For a light application of manure, spread 1/16 cord over 1000 square feet. 

For a medium application, use a 1/8 cord to 1000 square feet, but for a heavy application, increase the amount of manure to one-fourth cord per 1000 square feet. 

(One ton equals one-half cord. One cubic yard equals one-fifth of a cord.) 

Use 40 pounds of superphosphate per 1000 square feet with the manure. Actually, using stable manure and superphosphate alone is insufficient to maintain soil fertility. 

These must be properly coordinated with lime, commercial fertilizers, leguminous cover crops, good tillage, weed removal, and control of soil water and erosion.

Storing Manure In The Open

If manure must be stored in the open, have flat piles not less than 4’ feet deep with sides steep enough to shed water. 

Keep this pile moist and compact. The soil beneath the pile should be puddled or covered with cement. Cover the pile with a thin layer of soil to prevent ammonia loss. 

Loose piles, stored in summer, lose two-thirds of their organic matter, nitrogen (N) and potassium (K), in addition to two-fifths of their phosphorus (P) content. 

Spreading Manure Directly

Since manure is scarce in many areas, this is an unnecessary waste. Therefore, whenever possible, manure should be spread directly on the fields daily. 

If the land is sloping, however, much soluble potash and nitrogen will be washed out in spring thaws.

Superphosphate and peat moss or muck added to hen manure makes a strong but well-balanced plant food. 

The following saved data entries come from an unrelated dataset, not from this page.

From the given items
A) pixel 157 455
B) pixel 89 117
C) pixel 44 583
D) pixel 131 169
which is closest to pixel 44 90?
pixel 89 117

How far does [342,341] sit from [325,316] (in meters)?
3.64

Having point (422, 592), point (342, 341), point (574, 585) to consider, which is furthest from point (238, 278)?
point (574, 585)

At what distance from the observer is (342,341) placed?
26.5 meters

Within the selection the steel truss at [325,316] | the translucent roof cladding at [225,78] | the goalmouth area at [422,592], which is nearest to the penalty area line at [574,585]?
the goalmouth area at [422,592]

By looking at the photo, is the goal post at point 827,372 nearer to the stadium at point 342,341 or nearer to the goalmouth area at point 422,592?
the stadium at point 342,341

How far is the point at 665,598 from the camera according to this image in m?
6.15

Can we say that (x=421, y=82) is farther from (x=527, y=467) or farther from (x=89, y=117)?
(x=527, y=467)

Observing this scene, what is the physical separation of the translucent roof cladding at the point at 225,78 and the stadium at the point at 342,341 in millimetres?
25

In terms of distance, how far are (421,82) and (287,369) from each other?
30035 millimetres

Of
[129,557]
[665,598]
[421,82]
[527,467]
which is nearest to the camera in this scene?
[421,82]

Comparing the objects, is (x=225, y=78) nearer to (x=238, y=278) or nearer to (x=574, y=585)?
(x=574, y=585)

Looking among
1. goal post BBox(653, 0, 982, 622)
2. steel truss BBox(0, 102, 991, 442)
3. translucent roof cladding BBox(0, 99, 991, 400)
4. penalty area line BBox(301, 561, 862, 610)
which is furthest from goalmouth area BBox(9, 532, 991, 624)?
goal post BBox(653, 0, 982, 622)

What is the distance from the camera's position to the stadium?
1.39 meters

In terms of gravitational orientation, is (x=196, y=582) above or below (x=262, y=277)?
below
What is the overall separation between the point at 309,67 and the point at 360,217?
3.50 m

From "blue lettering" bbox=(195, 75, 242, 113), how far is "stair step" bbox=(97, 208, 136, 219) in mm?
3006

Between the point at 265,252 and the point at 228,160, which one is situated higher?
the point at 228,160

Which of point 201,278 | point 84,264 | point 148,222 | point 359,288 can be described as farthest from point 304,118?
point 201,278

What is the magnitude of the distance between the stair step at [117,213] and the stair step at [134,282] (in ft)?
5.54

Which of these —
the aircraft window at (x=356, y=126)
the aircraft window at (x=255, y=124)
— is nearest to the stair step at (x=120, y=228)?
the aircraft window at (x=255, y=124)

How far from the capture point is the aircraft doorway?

Use one pound of superphosphate to one bushel of fresh hen manure.

New Nitrogen

Leguminous plants are the foundation on which agriculture rests, and man is dependent. These add new nitrogen (N) to the soil, where humus and manure use old nitrogen over again. 

If all available land were put into such crops in a 4-year rotation, these crops would produce 20 times the nitrogen made commercially in this country in a year.

Buckwheat, soybeans, and winter rye are crops that increase the amount of organic matter in the soil when sufficient stable manure is unavailable. Such materials are green manure crops.

Compost Heaps

Compost heaps are an extremely important source of organic matter, which is best applied to the soil as a top dressing in the fall, if not completely broken down or in spring if oxidation is complete. 

There are several methods of building a compost heap, but the theory is much the same in all of them. 

Alternate layers of manure and vegetable material are piled in varying thicknesses according to the kind of refuse incorporated. 

Covering The Finished Pile

Layers of soil are introduced on top of the manure layers and as a covering for the finished pile. 

No greasy material should be used. The pile should be kept moist (but not wet) to encourage vigorous bacterial action.

Commercial fertilizers, ground limestone, wood ashes, and superphosphate are usually added to the pile in small amounts. 

When manure is not available, the use of bacterial activators can be substituted.